## TRY IT
Write each entry out again verbatim, pictures excluded.

|---|

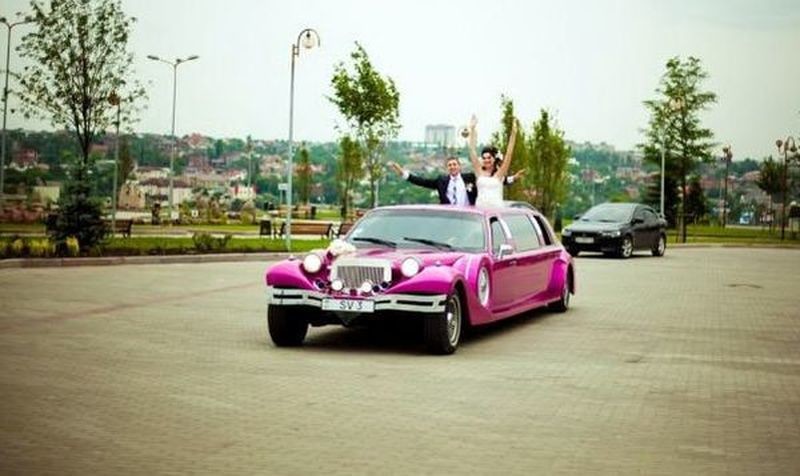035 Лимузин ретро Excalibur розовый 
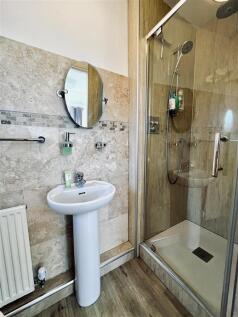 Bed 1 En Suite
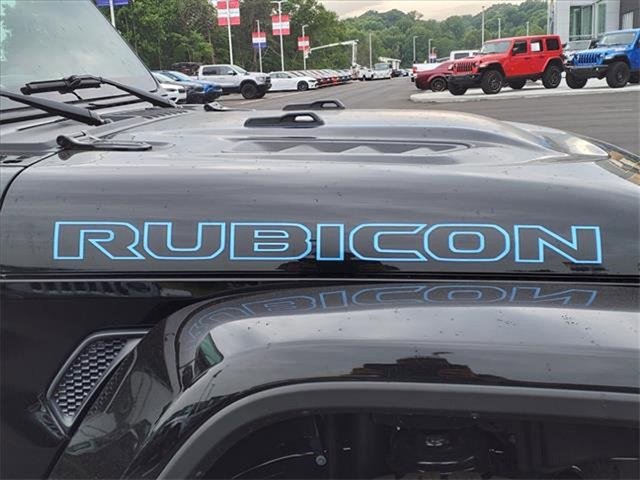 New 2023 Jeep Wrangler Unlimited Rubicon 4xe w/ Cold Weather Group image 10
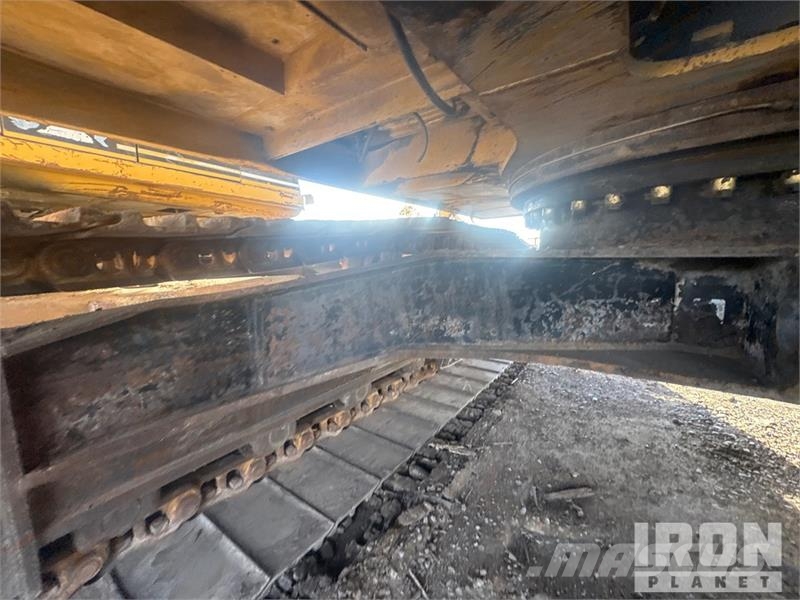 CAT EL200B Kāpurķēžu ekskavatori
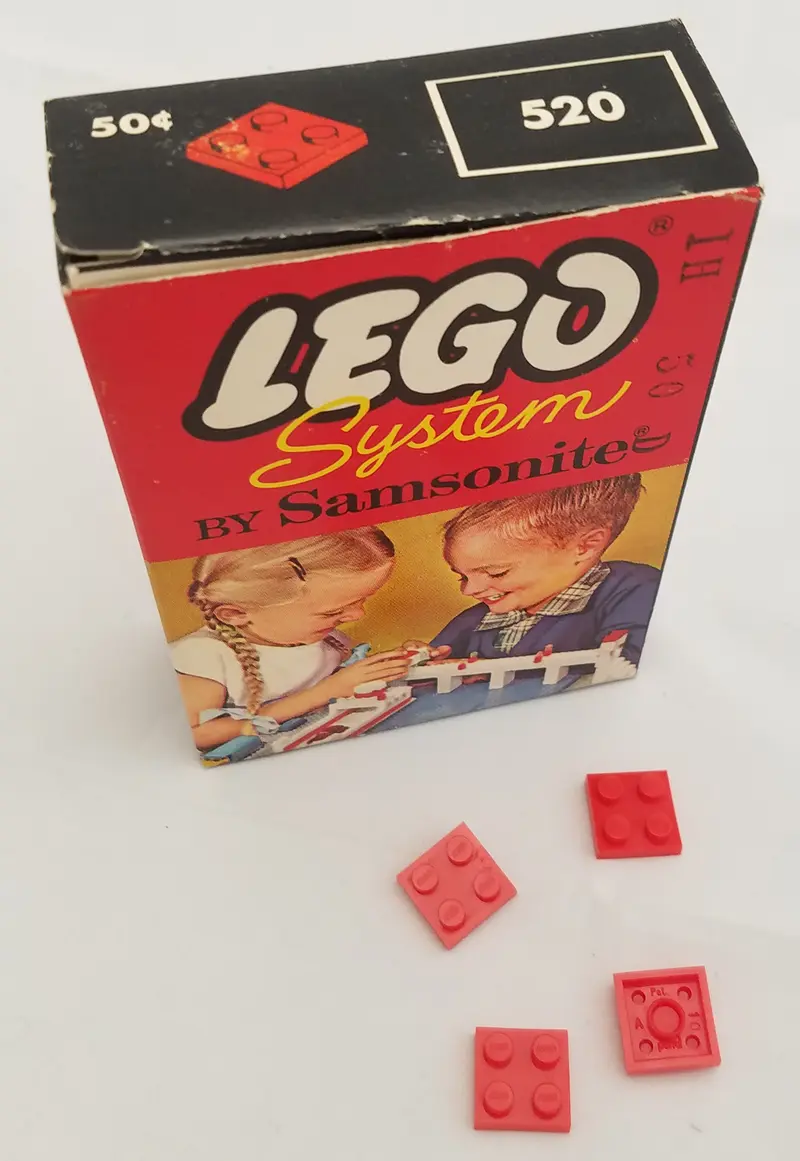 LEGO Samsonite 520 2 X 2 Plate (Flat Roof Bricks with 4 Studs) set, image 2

|---|

## ANSWER BELOW
035 Лимузин ретро Excalibur розовый 
 Bed 1 En Suite
 New 2023 Jeep Wrangler Unlimited Rubicon 4xe w/ Cold Weather Group image 10
 CAT EL200B Kāpurķēžu ekskavatori
 LEGO Samsonite 520 2 X 2 Plate (Flat Roof Bricks with 4 Studs) set, image 2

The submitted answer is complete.